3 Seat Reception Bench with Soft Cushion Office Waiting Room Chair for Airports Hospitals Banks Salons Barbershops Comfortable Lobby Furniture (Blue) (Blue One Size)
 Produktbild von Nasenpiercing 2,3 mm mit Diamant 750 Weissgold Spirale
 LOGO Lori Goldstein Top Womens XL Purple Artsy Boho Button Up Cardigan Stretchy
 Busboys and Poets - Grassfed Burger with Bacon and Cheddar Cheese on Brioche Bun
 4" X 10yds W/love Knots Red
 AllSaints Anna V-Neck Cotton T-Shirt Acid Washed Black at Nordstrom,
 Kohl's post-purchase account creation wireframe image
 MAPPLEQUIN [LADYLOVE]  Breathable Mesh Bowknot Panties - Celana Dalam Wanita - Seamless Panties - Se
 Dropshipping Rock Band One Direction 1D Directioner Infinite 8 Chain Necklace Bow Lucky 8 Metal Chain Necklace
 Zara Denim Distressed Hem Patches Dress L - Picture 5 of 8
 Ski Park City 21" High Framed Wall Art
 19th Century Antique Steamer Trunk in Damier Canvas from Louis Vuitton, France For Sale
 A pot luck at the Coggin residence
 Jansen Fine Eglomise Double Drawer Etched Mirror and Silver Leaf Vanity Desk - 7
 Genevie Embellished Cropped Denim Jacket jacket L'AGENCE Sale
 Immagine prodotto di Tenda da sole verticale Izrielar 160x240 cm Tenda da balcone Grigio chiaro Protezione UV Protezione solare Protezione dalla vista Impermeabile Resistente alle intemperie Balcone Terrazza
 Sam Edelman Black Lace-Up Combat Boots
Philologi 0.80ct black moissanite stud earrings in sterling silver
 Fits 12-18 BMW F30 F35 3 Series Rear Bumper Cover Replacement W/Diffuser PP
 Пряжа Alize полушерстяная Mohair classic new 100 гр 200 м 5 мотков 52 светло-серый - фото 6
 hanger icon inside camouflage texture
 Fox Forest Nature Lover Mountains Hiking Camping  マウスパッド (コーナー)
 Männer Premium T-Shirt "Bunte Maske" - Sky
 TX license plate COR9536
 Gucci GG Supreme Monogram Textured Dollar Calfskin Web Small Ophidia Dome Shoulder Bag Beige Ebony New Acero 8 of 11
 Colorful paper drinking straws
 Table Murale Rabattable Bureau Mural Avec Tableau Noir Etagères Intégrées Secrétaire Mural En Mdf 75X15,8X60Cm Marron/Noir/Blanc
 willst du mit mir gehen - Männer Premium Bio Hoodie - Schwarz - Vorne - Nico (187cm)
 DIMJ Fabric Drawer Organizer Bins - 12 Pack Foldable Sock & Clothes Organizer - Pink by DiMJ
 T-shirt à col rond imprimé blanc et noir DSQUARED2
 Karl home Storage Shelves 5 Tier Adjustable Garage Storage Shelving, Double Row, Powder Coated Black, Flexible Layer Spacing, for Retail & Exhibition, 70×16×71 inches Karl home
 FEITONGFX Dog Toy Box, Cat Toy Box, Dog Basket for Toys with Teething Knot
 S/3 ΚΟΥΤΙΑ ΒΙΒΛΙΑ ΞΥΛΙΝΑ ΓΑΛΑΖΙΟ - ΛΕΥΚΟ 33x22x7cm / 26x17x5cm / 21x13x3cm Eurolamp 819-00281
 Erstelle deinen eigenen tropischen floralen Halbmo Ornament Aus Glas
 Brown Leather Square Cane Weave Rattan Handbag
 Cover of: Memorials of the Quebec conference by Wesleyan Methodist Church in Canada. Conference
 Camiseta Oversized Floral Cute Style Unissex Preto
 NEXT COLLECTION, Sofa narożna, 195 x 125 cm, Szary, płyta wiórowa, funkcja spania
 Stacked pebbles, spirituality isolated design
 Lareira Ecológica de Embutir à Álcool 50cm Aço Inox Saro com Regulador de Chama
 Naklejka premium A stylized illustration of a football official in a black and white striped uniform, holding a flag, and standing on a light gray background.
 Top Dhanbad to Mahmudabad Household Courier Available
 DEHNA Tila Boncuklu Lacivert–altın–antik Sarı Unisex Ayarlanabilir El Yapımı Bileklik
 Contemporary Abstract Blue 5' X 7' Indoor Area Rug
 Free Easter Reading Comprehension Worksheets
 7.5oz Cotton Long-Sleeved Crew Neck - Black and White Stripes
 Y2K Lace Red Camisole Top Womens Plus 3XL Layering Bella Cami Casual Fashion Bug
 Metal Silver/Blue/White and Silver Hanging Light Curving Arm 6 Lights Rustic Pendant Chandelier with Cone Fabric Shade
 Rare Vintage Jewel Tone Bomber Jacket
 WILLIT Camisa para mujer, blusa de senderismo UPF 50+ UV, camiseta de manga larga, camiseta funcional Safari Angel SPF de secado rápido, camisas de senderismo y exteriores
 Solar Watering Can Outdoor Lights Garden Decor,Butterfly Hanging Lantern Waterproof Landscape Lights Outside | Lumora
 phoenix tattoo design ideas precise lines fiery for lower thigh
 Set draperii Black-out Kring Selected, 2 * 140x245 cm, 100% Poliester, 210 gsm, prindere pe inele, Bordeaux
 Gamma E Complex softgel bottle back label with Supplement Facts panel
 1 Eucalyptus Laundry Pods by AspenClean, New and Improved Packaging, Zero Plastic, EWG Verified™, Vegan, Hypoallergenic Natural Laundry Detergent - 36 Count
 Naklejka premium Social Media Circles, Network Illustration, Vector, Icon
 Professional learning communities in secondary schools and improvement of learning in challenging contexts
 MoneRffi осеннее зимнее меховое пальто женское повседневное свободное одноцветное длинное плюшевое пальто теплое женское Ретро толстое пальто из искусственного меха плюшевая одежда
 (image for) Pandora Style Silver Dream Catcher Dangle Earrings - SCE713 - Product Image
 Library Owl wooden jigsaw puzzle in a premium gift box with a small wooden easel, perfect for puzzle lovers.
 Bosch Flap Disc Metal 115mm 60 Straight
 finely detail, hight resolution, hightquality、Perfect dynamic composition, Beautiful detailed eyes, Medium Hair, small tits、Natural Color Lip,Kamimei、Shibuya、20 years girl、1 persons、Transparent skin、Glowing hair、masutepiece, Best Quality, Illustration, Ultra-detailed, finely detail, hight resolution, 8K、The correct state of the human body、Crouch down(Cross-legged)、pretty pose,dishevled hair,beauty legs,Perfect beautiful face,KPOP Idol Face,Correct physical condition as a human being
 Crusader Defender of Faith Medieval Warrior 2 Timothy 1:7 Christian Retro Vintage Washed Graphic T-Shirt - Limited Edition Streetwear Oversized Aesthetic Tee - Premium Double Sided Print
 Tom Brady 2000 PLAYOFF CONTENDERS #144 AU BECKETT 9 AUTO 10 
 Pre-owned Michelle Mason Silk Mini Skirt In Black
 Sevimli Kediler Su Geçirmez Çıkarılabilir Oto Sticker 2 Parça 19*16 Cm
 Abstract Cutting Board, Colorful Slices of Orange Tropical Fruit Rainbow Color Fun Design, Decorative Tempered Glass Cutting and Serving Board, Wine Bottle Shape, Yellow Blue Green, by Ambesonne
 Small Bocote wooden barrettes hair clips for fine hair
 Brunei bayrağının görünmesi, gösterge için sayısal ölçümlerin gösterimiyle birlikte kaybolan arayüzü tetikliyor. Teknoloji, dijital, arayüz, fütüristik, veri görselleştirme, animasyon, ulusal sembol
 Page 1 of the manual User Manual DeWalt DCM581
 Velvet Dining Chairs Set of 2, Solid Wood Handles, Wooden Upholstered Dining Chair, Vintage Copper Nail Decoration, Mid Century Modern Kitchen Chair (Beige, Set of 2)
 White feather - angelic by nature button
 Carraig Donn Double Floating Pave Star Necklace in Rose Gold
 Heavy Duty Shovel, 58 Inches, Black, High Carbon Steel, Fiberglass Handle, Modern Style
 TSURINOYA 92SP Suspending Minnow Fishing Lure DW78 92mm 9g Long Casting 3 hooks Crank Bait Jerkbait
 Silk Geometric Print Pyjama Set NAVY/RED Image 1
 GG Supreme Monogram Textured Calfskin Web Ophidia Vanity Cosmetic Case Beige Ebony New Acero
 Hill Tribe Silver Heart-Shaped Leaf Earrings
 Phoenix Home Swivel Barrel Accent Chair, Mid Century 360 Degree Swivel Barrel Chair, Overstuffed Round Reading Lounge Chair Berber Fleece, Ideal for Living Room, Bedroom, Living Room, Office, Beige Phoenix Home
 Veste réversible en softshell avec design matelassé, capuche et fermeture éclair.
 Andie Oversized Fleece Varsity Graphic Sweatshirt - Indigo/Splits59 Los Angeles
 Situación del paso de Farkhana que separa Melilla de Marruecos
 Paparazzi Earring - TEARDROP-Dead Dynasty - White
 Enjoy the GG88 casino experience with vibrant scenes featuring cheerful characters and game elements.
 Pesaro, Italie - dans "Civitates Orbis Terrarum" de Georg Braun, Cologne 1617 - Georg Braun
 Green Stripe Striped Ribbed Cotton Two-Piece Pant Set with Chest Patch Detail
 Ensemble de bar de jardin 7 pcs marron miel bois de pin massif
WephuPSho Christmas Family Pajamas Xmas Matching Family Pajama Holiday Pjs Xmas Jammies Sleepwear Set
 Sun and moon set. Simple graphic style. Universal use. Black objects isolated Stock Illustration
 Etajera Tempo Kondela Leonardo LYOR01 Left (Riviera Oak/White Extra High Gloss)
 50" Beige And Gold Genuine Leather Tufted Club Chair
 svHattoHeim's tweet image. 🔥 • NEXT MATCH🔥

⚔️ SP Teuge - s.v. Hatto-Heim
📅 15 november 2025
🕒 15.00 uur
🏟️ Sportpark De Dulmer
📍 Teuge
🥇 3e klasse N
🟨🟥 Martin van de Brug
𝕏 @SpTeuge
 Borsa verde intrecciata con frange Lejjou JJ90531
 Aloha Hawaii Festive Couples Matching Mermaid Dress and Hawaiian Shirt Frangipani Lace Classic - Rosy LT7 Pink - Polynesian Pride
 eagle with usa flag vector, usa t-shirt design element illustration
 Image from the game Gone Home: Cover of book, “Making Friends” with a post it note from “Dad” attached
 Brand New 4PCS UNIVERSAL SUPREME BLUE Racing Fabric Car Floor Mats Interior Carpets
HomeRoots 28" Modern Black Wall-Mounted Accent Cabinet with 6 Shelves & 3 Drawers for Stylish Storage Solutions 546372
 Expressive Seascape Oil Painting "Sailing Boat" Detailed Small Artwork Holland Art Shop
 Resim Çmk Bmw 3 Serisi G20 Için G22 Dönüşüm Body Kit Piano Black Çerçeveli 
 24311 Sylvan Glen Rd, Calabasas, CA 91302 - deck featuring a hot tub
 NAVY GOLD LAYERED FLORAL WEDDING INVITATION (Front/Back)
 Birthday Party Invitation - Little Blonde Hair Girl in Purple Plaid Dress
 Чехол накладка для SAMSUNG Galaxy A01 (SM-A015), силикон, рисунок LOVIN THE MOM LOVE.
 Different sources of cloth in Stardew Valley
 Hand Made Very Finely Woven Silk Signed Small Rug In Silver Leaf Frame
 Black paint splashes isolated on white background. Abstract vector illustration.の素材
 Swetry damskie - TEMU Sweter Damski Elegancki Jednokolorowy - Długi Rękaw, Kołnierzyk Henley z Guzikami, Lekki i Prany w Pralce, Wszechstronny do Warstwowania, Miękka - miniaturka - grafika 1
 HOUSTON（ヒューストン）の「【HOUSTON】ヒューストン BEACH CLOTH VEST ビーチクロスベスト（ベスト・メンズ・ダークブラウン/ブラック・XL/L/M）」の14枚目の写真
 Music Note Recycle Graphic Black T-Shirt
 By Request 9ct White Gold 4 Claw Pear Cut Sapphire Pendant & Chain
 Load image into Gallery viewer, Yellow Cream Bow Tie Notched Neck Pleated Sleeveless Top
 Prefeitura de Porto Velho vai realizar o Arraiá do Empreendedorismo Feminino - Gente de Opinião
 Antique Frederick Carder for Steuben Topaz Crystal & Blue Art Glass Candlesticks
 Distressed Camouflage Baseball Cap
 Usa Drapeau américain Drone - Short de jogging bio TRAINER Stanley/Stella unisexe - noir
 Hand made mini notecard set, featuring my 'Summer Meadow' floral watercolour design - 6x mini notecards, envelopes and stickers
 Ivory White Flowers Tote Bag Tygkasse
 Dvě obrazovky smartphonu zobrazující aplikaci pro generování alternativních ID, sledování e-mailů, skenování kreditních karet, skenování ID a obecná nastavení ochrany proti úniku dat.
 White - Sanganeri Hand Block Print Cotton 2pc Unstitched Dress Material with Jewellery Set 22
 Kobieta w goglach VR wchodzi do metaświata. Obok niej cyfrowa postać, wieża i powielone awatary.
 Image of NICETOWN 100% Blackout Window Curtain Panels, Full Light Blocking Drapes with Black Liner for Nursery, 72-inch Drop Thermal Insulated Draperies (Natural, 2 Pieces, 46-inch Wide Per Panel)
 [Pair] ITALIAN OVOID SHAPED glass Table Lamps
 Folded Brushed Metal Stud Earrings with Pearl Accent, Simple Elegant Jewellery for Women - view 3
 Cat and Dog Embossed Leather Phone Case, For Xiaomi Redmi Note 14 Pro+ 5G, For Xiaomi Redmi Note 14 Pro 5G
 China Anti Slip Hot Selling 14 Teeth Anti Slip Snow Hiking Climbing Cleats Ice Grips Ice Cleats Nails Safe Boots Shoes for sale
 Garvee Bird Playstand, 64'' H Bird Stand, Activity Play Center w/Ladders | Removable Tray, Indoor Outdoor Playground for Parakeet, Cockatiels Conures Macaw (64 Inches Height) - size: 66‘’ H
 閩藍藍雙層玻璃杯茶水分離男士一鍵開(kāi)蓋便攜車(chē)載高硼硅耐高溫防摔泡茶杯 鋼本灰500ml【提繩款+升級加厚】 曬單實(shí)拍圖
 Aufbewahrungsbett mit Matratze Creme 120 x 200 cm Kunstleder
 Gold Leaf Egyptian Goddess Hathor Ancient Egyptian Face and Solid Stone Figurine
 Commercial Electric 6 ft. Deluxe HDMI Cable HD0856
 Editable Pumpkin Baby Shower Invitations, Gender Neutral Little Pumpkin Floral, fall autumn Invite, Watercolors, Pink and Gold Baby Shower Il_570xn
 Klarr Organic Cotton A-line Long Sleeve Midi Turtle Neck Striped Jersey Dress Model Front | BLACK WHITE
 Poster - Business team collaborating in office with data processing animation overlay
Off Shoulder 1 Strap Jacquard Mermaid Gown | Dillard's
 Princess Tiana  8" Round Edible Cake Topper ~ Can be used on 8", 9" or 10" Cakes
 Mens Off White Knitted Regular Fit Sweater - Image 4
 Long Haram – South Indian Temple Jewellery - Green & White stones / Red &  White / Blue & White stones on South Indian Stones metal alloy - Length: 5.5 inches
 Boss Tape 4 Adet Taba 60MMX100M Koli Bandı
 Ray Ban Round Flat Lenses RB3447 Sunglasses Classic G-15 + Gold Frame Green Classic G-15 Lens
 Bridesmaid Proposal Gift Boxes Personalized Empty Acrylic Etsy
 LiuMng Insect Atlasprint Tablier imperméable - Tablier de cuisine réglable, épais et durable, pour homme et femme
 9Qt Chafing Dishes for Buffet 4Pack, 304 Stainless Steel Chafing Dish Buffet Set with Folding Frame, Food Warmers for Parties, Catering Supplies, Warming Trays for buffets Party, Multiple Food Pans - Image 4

## [WHAT THE TASK ASKS]
Write out the records above exactly, from the opening line to the line with "Sam Edelman Black Lace-Up Combat Boots", including both, with nothing added.

## [YOUR RESPONSE]
3 Seat Reception Bench with Soft Cushion Office Waiting Room Chair for Airports Hospitals Banks Salons Barbershops Comfortable Lobby Furniture (Blue) (Blue One Size)
 Produktbild von Nasenpiercing 2,3 mm mit Diamant 750 Weissgold Spirale
 LOGO Lori Goldstein Top Womens XL Purple Artsy Boho Button Up Cardigan Stretchy
 Busboys and Poets - Grassfed Burger with Bacon and Cheddar Cheese on Brioche Bun
 4" X 10yds W/love Knots Red
 AllSaints Anna V-Neck Cotton T-Shirt Acid Washed Black at Nordstrom,
 Kohl's post-purchase account creation wireframe image
 MAPPLEQUIN [LADYLOVE]  Breathable Mesh Bowknot Panties - Celana Dalam Wanita - Seamless Panties - Se
 Dropshipping Rock Band One Direction 1D Directioner Infinite 8 Chain Necklace Bow Lucky 8 Metal Chain Necklace
 Zara Denim Distressed Hem Patches Dress L - Picture 5 of 8
 Ski Park City 21" High Framed Wall Art
 19th Century Antique Steamer Trunk in Damier Canvas from Louis Vuitton, France For Sale
 A pot luck at the Coggin residence
 Jansen Fine Eglomise Double Drawer Etched Mirror and Silver Leaf Vanity Desk - 7
 Genevie Embellished Cropped Denim Jacket jacket L'AGENCE Sale
 Immagine prodotto di Tenda da sole verticale Izrielar 160x240 cm Tenda da balcone Grigio chiaro Protezione UV Protezione solare Protezione dalla vista Impermeabile Resistente alle intemperie Balcone Terrazza
 Sam Edelman Black Lace-Up Combat Boots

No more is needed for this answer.